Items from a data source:
=== Section Start ===
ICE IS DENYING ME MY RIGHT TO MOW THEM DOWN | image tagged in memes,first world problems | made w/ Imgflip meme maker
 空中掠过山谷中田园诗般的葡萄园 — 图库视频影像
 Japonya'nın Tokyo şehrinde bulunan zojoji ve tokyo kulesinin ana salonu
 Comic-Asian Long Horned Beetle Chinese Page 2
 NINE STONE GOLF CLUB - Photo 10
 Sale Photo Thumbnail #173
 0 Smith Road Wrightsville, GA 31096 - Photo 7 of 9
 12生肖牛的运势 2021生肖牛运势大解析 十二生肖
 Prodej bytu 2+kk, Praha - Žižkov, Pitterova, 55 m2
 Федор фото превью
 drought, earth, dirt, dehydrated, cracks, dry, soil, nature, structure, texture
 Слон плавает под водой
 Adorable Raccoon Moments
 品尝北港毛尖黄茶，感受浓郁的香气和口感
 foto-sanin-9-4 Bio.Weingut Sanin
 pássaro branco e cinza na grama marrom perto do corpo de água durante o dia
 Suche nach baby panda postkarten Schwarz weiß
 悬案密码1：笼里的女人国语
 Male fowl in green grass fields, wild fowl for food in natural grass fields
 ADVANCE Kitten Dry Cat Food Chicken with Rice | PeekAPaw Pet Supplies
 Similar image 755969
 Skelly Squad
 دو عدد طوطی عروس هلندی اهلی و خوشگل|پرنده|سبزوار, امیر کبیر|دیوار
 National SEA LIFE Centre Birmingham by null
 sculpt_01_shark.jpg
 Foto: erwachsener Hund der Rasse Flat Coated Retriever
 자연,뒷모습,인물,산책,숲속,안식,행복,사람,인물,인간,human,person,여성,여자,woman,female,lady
=== Section End ===
** PROBLEM TO SOLVE **
The lines in the entries above that carry the word "Photo" must be copied.

** WRITTEN SOLUTION **
 NINE STONE GOLF CLUB - Photo 10
 Sale Photo Thumbnail #173
 0 Smith Road Wrightsville, GA 31096 - Photo 7 of 9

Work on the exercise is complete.